Because of this limitation, all the test code is in one Maven module. When we tried to create a separate module per category, we ended up with a great deal of redundancy since we could not have common parent module. Putting all the code in one module means we can only run one test category per Maven run, which is actually fine because that's how Travis runs tests anyway.

org.apache.druid.testsEx Package

The org.apache.druid.testsEx is temporary: it holds code from the integration-tests org.apache.druid.testing package adapted to work in the revised environment. Some classes have the same name in both places. The goal is to merge the testsEx package back into testing at some future point when the tests are all upgraded.

The revised ITs themselves are also in this package. Over time, as we replace the old ITs, the test can migrate to the original package names.

Profiles

Integration test artifacts are built only if you specifically request them using a profile.

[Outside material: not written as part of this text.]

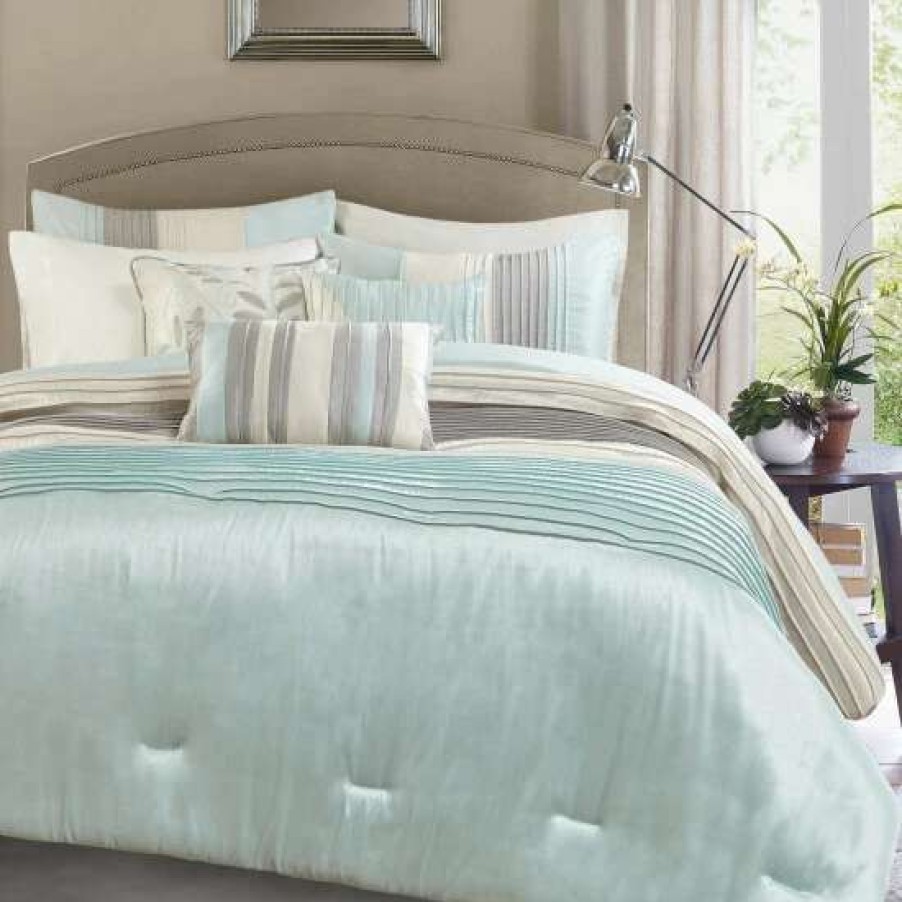 Wholesale Best Pirce Madison Park Eastridge Aqua 7-Piece Comforter Set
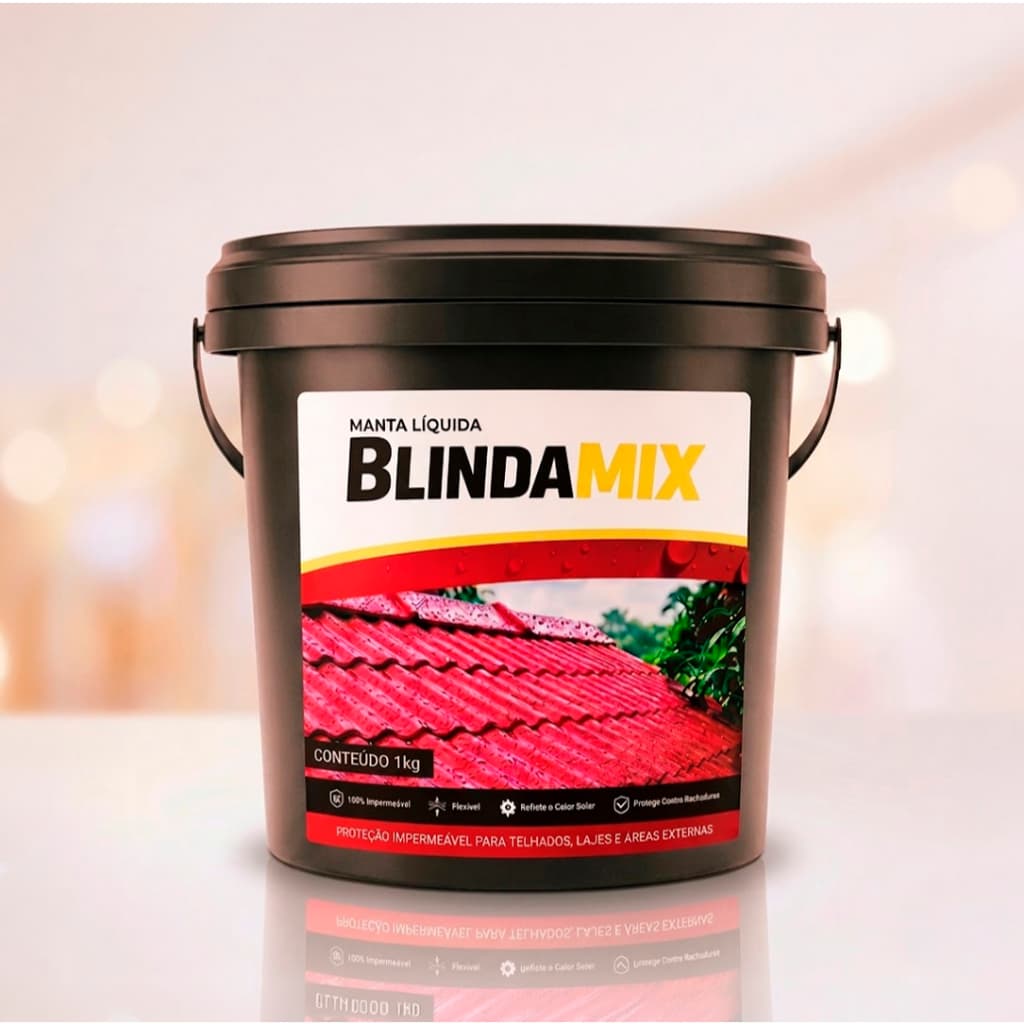 Impermeabilizante Emborrachado 1KG/3,6KG Contra Goteiras Vazamentos Laje Telhado Alta Cobertura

  • -P test-image builds the test Docker image.
  • -P docker-tests enables the integration tests.
  • -P IT-<category> selects the category to run.

The profiles allow you to build the test image once during debugging, and reuse it across multiple test runs. (See Debugging.)

Dependencies

The Docker image inclues three third-party dependencies not included in the Druid build:

  • MySQL connector
  • MariaDB connector
  • Kafka Protobuf provider

We use dependency rules in the test-image/pom.xml file to cause Maven to download these dependencies into the Maven cache, then we use the maven-dependency-plugin to copy those dependencies into a Docker directory, and we use Docker to copy the files into the image. This approach avoids the need to pull the dependency from a remote repository into the image directly, and thus both speeds up the build, and is kinder to the upstream repositories.

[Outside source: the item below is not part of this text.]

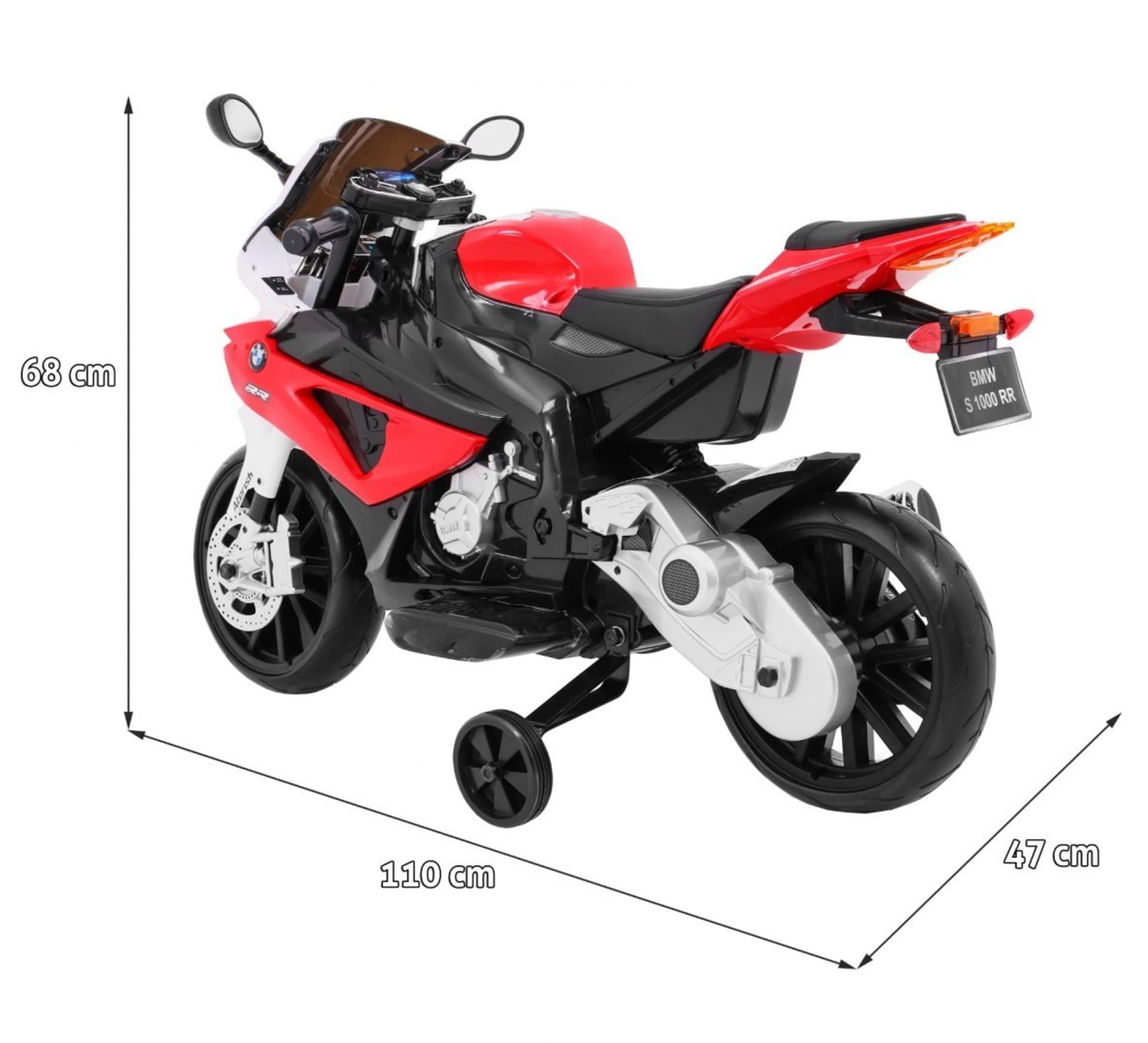 

Motor na akumulator BMW S1000 RR dla dzieci Czerwony + Kółeczka pomocnicze + Nóżka podpórka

If you add additional dependencies, please follow the above process. See the pom.xml files for examples.

Environment Variables

The build environment users environment variables to pass information to Maven. Maven communicates with Docker and Docker Compose via environment variables set in the exec-maven-plugin of various pom.xml files. The environment variables then flow into either the Docker build script (Dockerfile) or the various Docker Compose scripts (docker-compose.yaml). It can be tedious to follow this flow. A quick outline:

  • The build environment (such as Travis) sets environment variables, or passes values to maven via the -d<var>=<value syntax.
  • Maven, via exec-maven-plugin, sets environment variables typically from Maven's own variables for things like versions.
  • exec-maven-plugin invokes a script to do the needes shell fiddling. The environment variables are visible to the script and implicitly passed to whatever the script calls.
  • When building, the script passes the environment variables to Docker as build arguments.
  • Dockerfile typically passes the build arguments to the image as environment variables of the same name.
  • When running, the script passes environment variables implicitly to Docker Compose, which uses them in the various service configurations and/or environment variable settings passed to each container.

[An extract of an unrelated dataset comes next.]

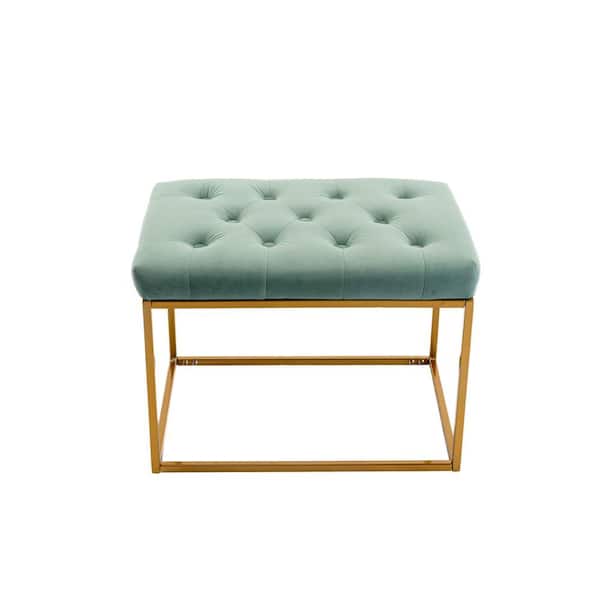 Unbranded Modern Mint Green Tufted Ottoman with Metal Frame and Golden Legs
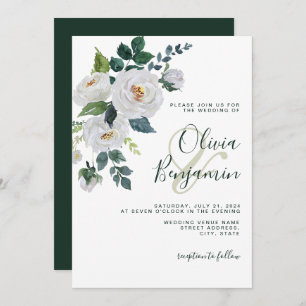 Invitation Ivory Emerald Vert Blanc Floral Élégant Mariage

If you find you need a new parameter in either the Docker build or the Docker Compose configuration:

  • First ensure that there is a Maven setting that holds the desired parameter.
  • Wire it through the relevant exec-maven-plugin sections.
  • Pass it to Docker or Docker Compose as above.

The easiest way to test is to insert (or enable, or view) the environment in the image:

env

The output will typically go into the Docker output or the Docker Compose logs.

Shortcuts

Since Druid's pom.xml file is quite large, Maven can be a bit slow when all you want to do is to build the Docker image. To speed things up a bit, you can build just the docker image. See the Quickstart for how to run tests this way. Using this trick, creating an image, or launching a cluster, is quite fast. See the Docker section for details.